Structuring the sale of your business
When you sell a business, how you structure the transaction can have a significant impact on both how the business is valued as well as the tax and other costs that you may incur. There are many things to consider, like whether to sell the business in its entirety or just the assets, what will happen to your employees and whether a restraint of trade is reasonable. Our experienced business sale lawyers can advise you on the best way to structure your transaction to meet your objectives.
Preparing for due diligence
Prospective buyers will most likely want to conduct a due diligence review of your business. This means they will want to review information about your finances, legal commitments, assets and liabilities so that they understand what they’re purchasing and identify any potential risks.
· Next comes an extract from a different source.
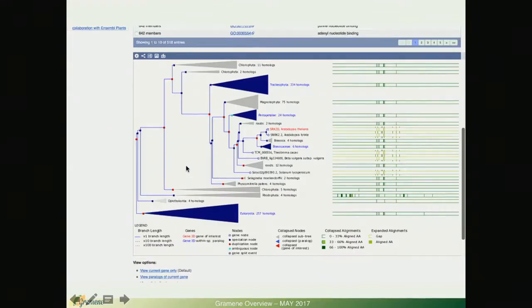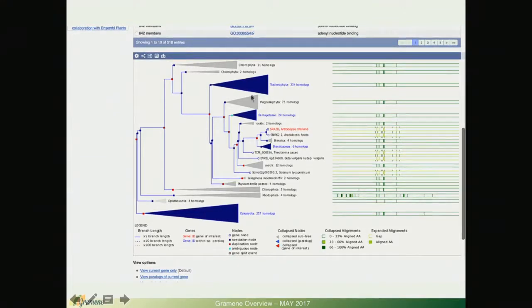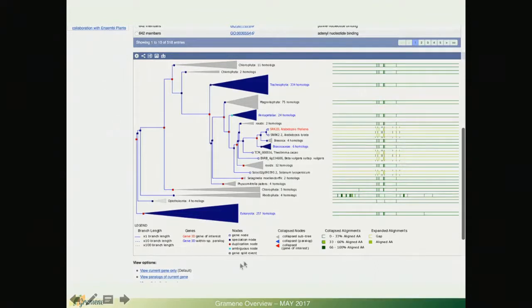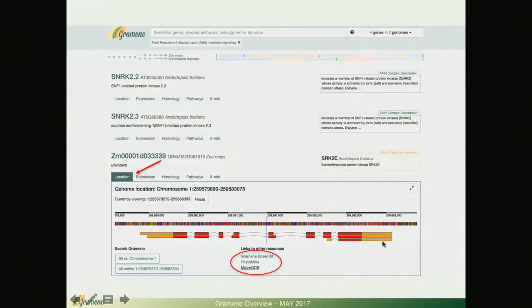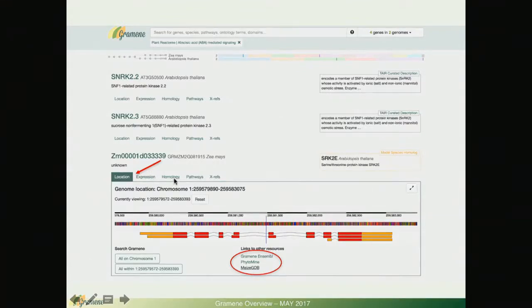This is how it looks like in the Ensemble browser and again just like in ours, collapsible nodes and some annotations.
Information in the due diligence may be used to negotiate some of the terms of the sale, like what warranties or indemnities you may provide. A confidentiality agreement may also be required before handing over any of your sensitive information.
What is a Section 52 statement?
A vendor’s statement or Section 52 statement needs to be provided if the value of your business is less than $450,000. This is a legal requirement and includes a range of important financial and tax information so the prospective buyer can make an assessment of your business.
Why MNG Lawyers
Our building sale lawyers can advise you on the best way to structure the sale of your business and explain how it will impact your ability to achieve your goals. They can also prepare all the paperwork and help you negotiate the sale contract with prospective buyers.
Frequently Asked Questions
As part of the due diligence process, you will need to give the prospective buyer access to a range of documents including:
- Copies of your business name and other intellectual property registrations;
- A copy of any lease agreements;
- Information on the assets and liabilities of the business so they can conduct some searches of their own;
- Details of what insurances you have in place;
- Copies of recent tax returns, business activity statements and financial reports;
- Major supply or trading good contracts; and
- Any other business agreements that may be relevant, like a partnership or shareholder agreement.